The following took place more than a year ago, but it is still fresh in my mind. After a few colleagues urged me to write about it, I decided to finally do it. If the output of the commands does not match exactly whatever I had while dealing with it – bear with it. It’s far from being the point.

The horror

I took a break from work last year and decided to go and have some fun in NZ. Oh, did I have fun there!
There’s nothing more frustrating than returning to work, turning on your dusty computer and witnessing the following:

*** An error ocfcurred during the filesystem check.
Give root password for maintenance (or type Control-D to continue):

Investigating it just a bit more I got to a conclusion that my /home is not mounting. OMG!!! all of my personal customizations and some private data is at /home!
I must admit, it’s nothing that couldn’t be reproduced at a reasonable amount of time, but having my neat KDE customizations I didn’t want to start the process from the beginning. Think about yourself losing your /home, it’s no fun. I decided I wanted it back.
OK, so I’m running e2fsck:

# e2fsck /dev/sda5
e2fsck 1.39 (29-May-2006)
e2fsck: No such file or directory while trying to open /dev/sda5

The superblock could not be read or does not describe a correct ext2
filesystem.  If the device is valid and it really contains an ext2
filesystem (and not swap or ufs or something else), then the superblock
is corrupt, and you might try running e2fsck with an alternate superblock:
    e2fsck -b 8193 


Oh man, how frustrating, e2fsck can’t read my superblock!
Something I did notice during boot up, is that the HD is very noisy, in addition to very slow boot process. It wasn’t a new HD and it has worked hard (I tested on it numerous times our FS infrastructure of video recording). Probably it’s time has come.

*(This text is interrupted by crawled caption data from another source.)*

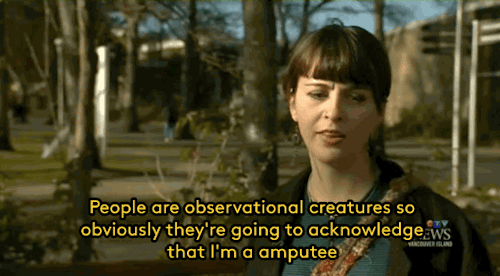prosthesis prosthetics amputee body positive fashion style gifs
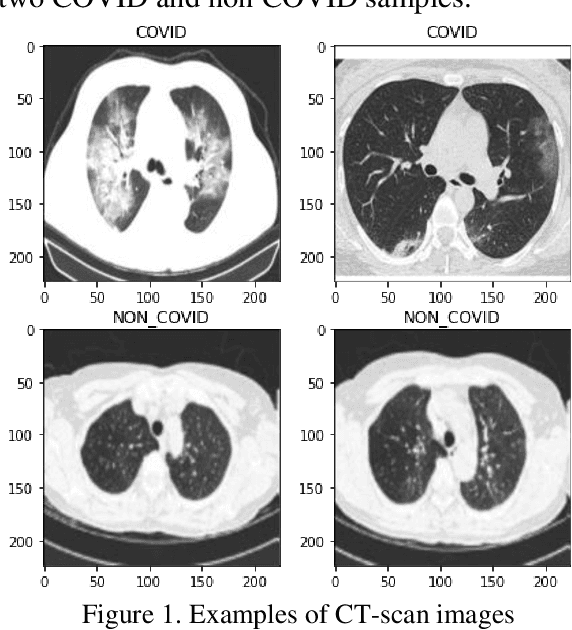 Figure 1 for A novel and reliable deep learning web-based tool to detect COVID-19 infection form chest CT-scan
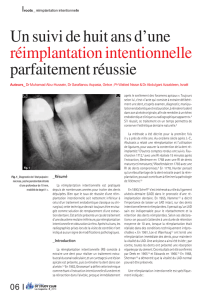 Un suivi de huit ans d`une réimplantation intentionnelle parfaitement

I wanted to feel at /home again.
I decided the smartest thing would be to first try and copy this whole partition aside as I knew there is a hardware problem with the HD. After I’ll solve that one, I could hopefully handle the missing superblock problem much better.

Getting physical

So I quickly inserted a fresh new HD to my machine, disconnected the old faulty HD (it caused the computer to boot so slow because of it’s defects) and issued a network install.
15 minutes later I’m again at linux, with a bare new /home, and the faulty HD connected to it, slowing the computer as hell.
I was sure dd would come for the rescue:

# dd if=/dev/sda5 of=home-sweet-home.ext3 bs=4M

After a few minutes of anticipation and cranky HD noises, I’m with:

dd: reading `/dev/sda5': Input/output error
0+0 records in
0+0 records out
# ls -l /home/home-sweet-home.ext3
-rw-r--r-- 1 root root 0 Jul  10 08:26 home-sweet-home.ext3

Great :(. I’m searching the net, searching for an aggressive dd program, something that instead of giving up on bad sectors, would fill them with zeros and continue on (hoping the defects on the HD are at a very specific place). I must admit I have almost written something by myself, but finally I’ve found dd_rescue.
And off we go:

# dd_rescue -e 1 -A /dev/sda5 /home/home-sweet-home.ext3

It ran for hours! It was 65GB that dd_rescue had to tackle. With a dying HD that could take a lot of time. After more or less 8 hours I was back at my desktop, looking at my old home:

# ls -lh /home/home-sweet-home.ext3
-rw-r--r--   1 root   root        61G Jul  10 20:43 home-sweet-home.ext3

Being logical

OK, that’s it, I have my data. Time to dump the old HD and deal with the logical errors I still have with this partition dump. Mounting the partition gave me the same result as I pasted above: no superblock – no fun!
Oh! but ext3 always creates a few backup superblocks, maybe this is my lucky day where I will finally be able to use one of these backups. You are probably familiar with the following output:

# e2fsck /tmp/e2fsck-test
27 block groups
8192 blocks per group, 8192 fragments per group
1992 inodes per group
Superblock backups stored on blocks:
        8193, 24577, 40961, 57345, 73729, 204801

Writing inode tables: done
Writing superblocks and filesystem accounting information: done

Now go figure out where your backup superblocks are. Trying the obvious of 8193 and 32768 did not work for me. I knew there should be more backup superblocks. Google comes for the rescue again. I was quite close at this time as well to writing a small C program that would search the partition dump for ext3 superblock signatures and tell me where the backup superblocks are. But then again, I thought I’m probably not the first one who needs such a utility, here TestDisk came for the rescue.
I simply ran TestDisk which reveled the remaining trustworthy superblocks on my damaged filesystem.
Later on I discovered that it is also possible to run e2fsck on a partition with the same size and see where the superblocks get written. However, I think that probing the superblocks is much cleaner altogether.

# mkdir /home2
# mount -o loop,ro,sb=884736 /home/home-sweet-home.ext3 /home2


Did it work?

# ls -l /home2
drwxr-xr-x  41 dan    dan    8192 Feb  5 13:39 dan
drwx------   7 distcc distcc   88 Jul 26 15:24 distcc
drwxrwxrwx   2 nobody nobody    1 Feb  5 05:39 public

Wow, it did!
So how much of it was eventually damaged? – less than 1%!
So I’ve found a few garbled files I didn’t need anyway, but I was more than 99% back at /home.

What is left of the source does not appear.